*** Data records ***
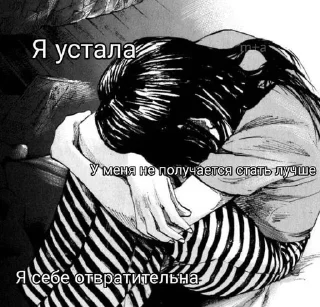 Sticker Стикеры тут 👉 @Femoji - 4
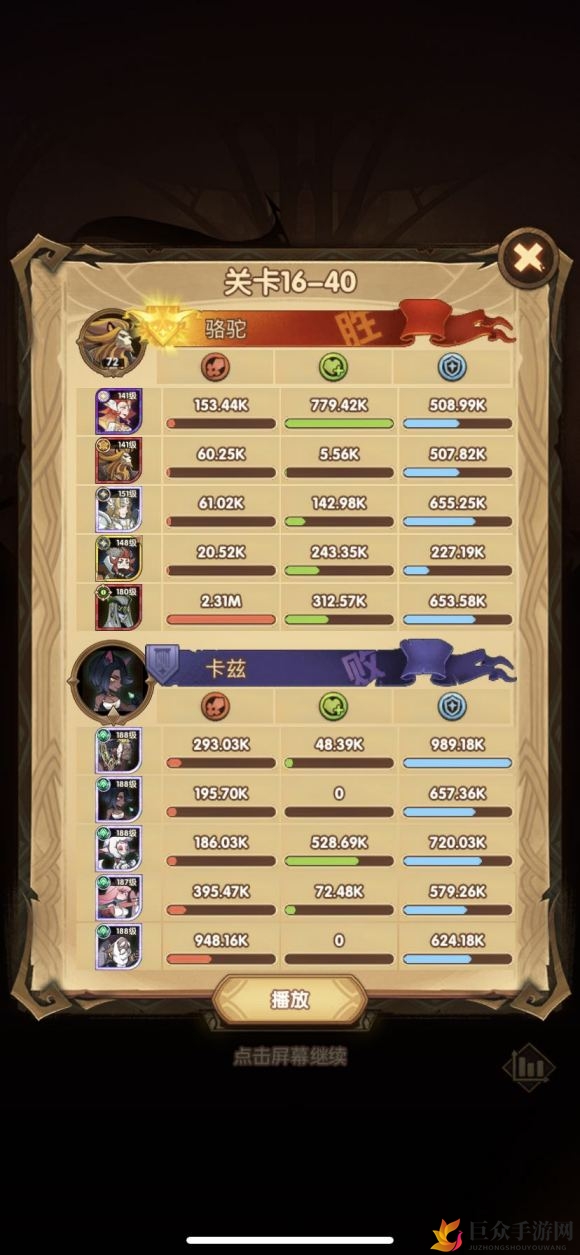 剑与远征16-40过关技巧分享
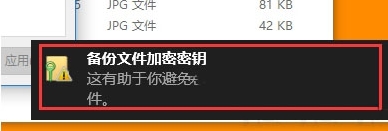win10系統(tǒng)中文件夾加密具體操作方法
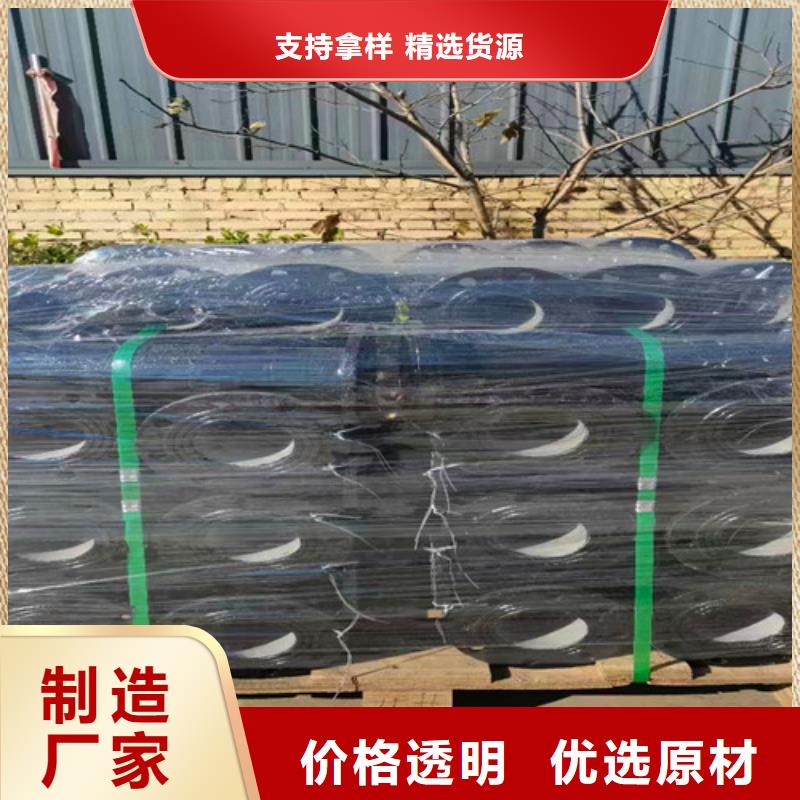 厂家热线DN300*90双盘弯头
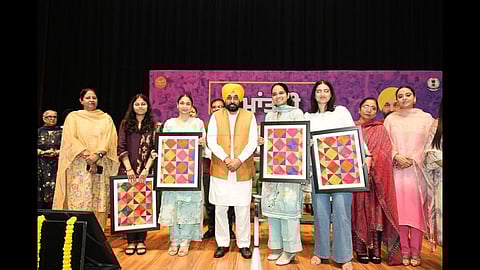 Girls Must Lead Socio-Economic Growth in Punjab: CM Mann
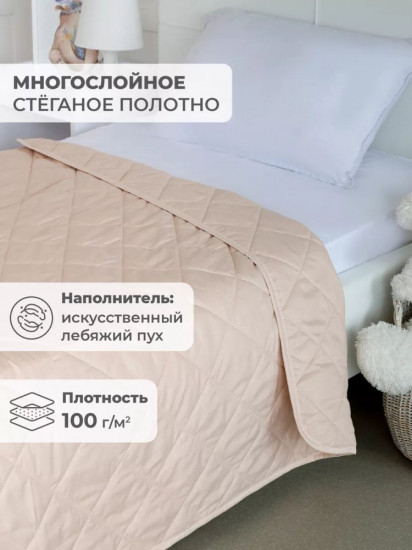 Покрывало 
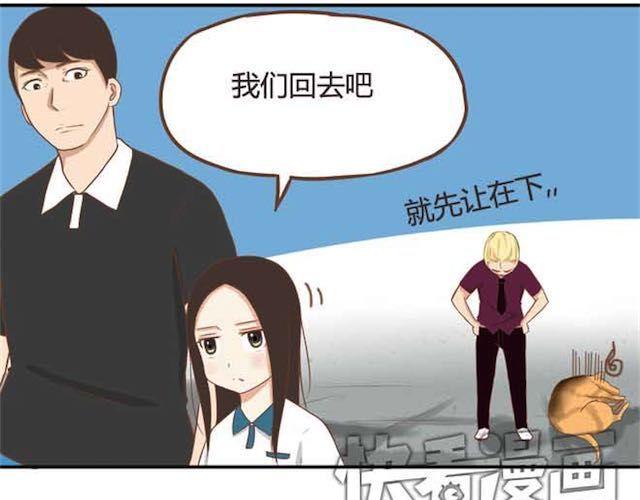 《贫穷父女》漫画最新章节第17话 回忆一下上星期的中秋……免费下拉式在线观看章节第【32】张图片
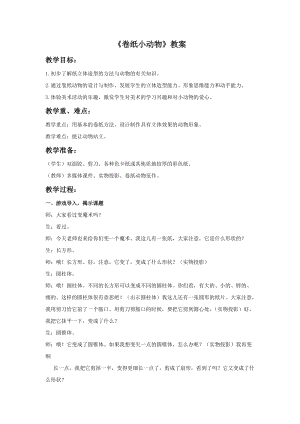 浙美版一年級(jí)下冊(cè)美術(shù)《卷紙小動(dòng)物》教案2.doc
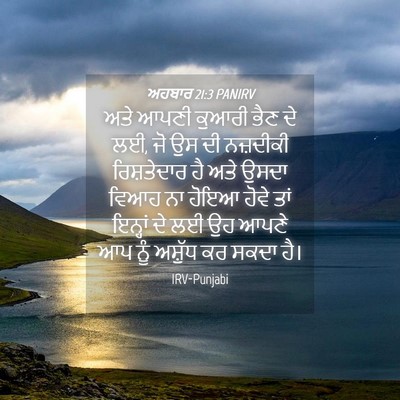 Picture 04 - ਅਹਬਾਰ 21:3 PANIRV - ਅਤੇ ਆਪਣੀ ਕੁਆਰੀ ਭੈਣ - Bible Verse Picture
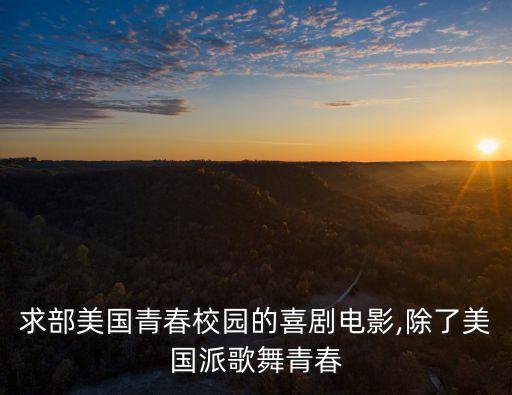 女神驾到 舞蹈,格格驾到舞蹈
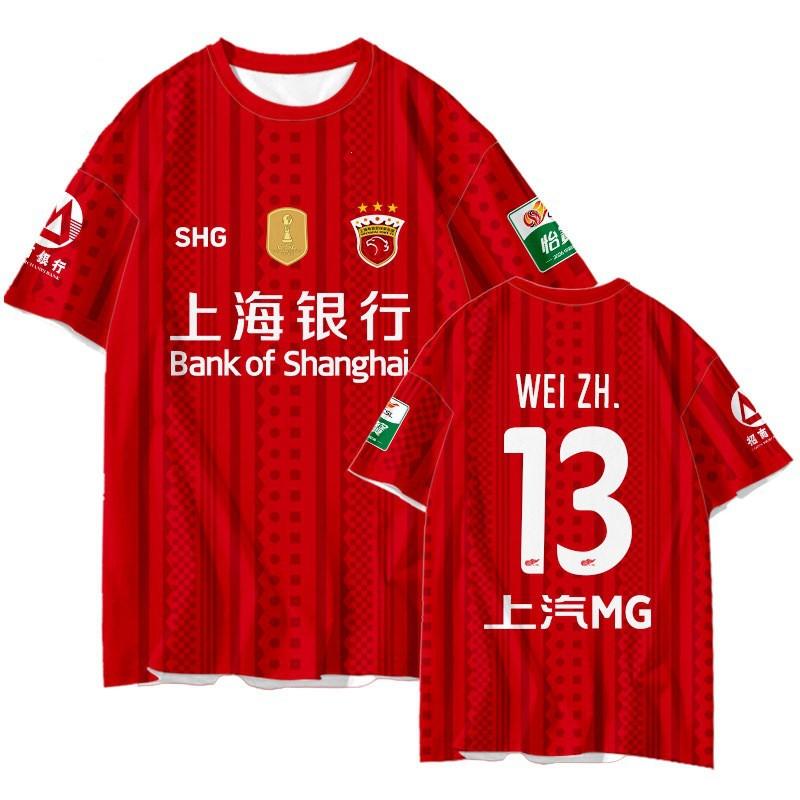 2026 Shanghai Port FC Soccer Jersey T-Shirt Men Women Fan Wear Short Sleeve Quick Dry Loose Fit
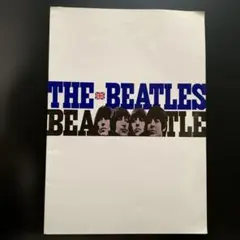 2025年最新】日本公演パンフレット ビートルズの人気アイテム - メルカリ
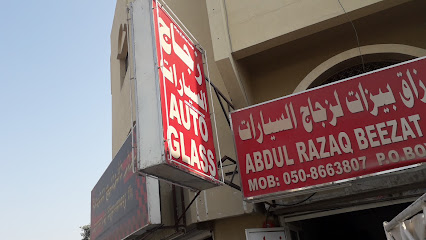محل عبد الرزاق بيزات لزجاج السيارات - دبي - +971 50 866 3807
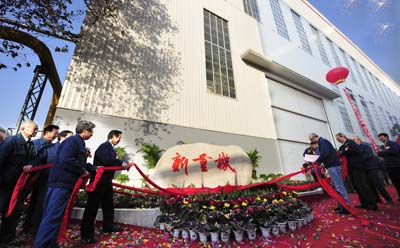 新鄉中譽鼎力礦山設備有限公司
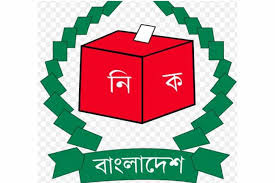 ৩২ এনজিও’র সমন্বয়ে গঠিত হয়েছে ইলেকশন অবজারভার কনসোর্টিয়াম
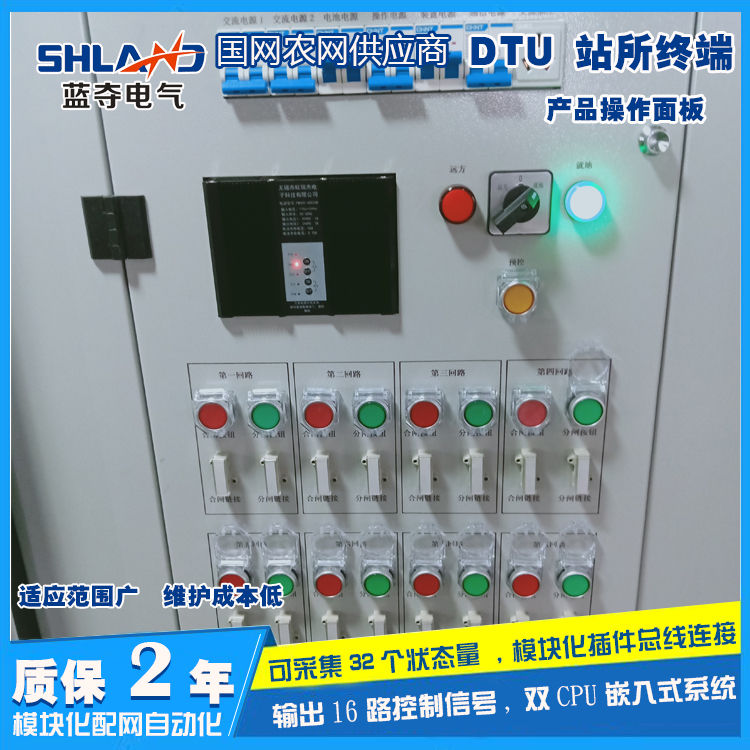 LD-8001站所型配网自动化终端 dtu 新型配电终端 配网自动化终端(dtu)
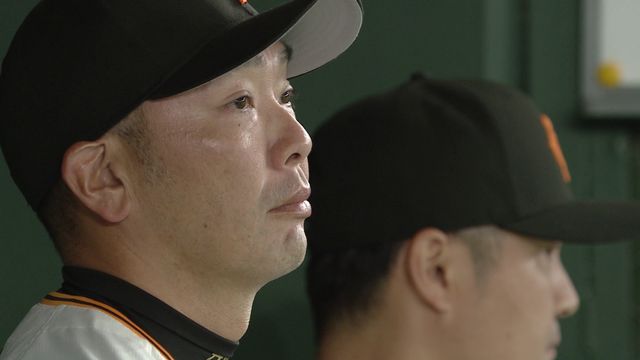 【巨人】延長11回に押しだし四球でサヨナラ負け 交流戦順位は最下位に転落(日テレNEWS NNN) – Yahoo!ニュース – Yahoo!ニュース 【巨人】延長11回に押しだし四球でサヨナラ負け 交流戦順位は最下位に転落(日テレNEWS NNN) - Yahoo!ニュース - Yahoo!ニュース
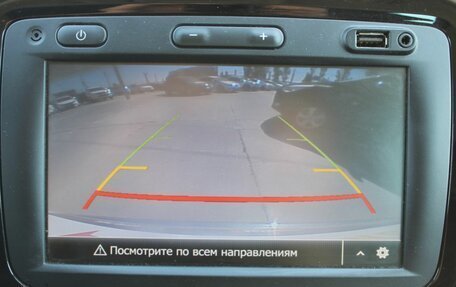 Renault Kaptur I рестайлинг, 2020 год, 1 699 000 рублей, 12 фотография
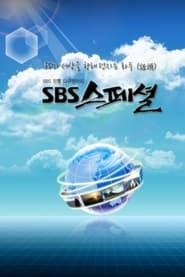 SBS Special series tv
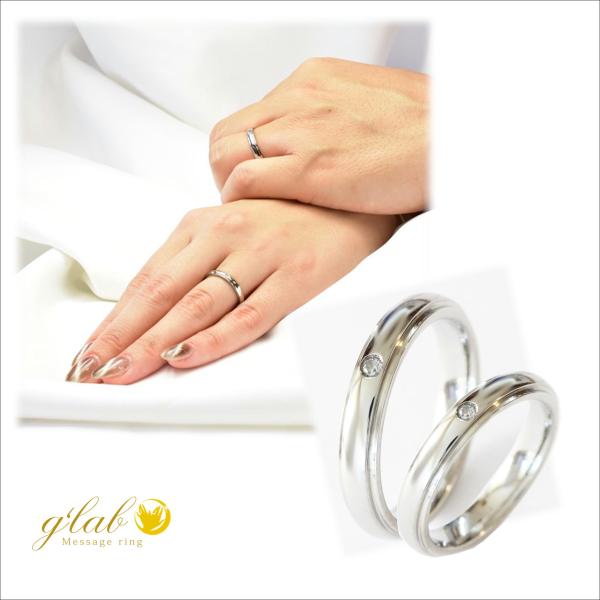 サージカルステンレス 指輪2本 刻印無料  ル・シエル 空 小さい 大きい サイズ 結婚指輪 / ジ...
*** End of Data records ***
Problem statement: After dropping every picture, transcribe each entry exactly.

Response:
 Sticker Стикеры тут 👉 @Femoji - 4
 剑与远征16-40过关技巧分享
win10系統(tǒng)中文件夾加密具體操作方法
 厂家热线DN300*90双盘弯头
 Girls Must Lead Socio-Economic Growth in Punjab: CM Mann
 Покрывало 
 《贫穷父女》漫画最新章节第17话 回忆一下上星期的中秋……免费下拉式在线观看章节第【32】张图片
 浙美版一年級(jí)下冊(cè)美術(shù)《卷紙小動(dòng)物》教案2.doc
 Picture 04 - ਅਹਬਾਰ 21:3 PANIRV - ਅਤੇ ਆਪਣੀ ਕੁਆਰੀ ਭੈਣ - Bible Verse Picture
 女神驾到 舞蹈,格格驾到舞蹈
 2026 Shanghai Port FC Soccer Jersey T-Shirt Men Women Fan Wear Short Sleeve Quick Dry Loose Fit
 2025年最新】日本公演パンフレット ビートルズの人気アイテム - メルカリ
محل عبد الرزاق بيزات لزجاج السيارات - دبي - +971 50 866 3807
 新鄉中譽鼎力礦山設備有限公司
 ৩২ এনজিও’র সমন্বয়ে গঠিত হয়েছে ইলেকশন অবজারভার কনসোর্টিয়াম
 LD-8001站所型配网自动化终端 dtu 新型配电终端 配网自动化终端(dtu)
 【巨人】延長11回に押しだし四球でサヨナラ負け 交流戦順位は最下位に転落(日テレNEWS NNN) – Yahoo!ニュース – Yahoo!ニュース 【巨人】延長11回に押しだし四球でサヨナラ負け 交流戦順位は最下位に転落(日テレNEWS NNN) - Yahoo!ニュース - Yahoo!ニュース
 Renault Kaptur I рестайлинг, 2020 год, 1 699 000 рублей, 12 фотография
 SBS Special series tv
 サージカルステンレス 指輪2本 刻印無料  ル・シエル 空 小さい 大きい サイズ 結婚指輪 / ジ...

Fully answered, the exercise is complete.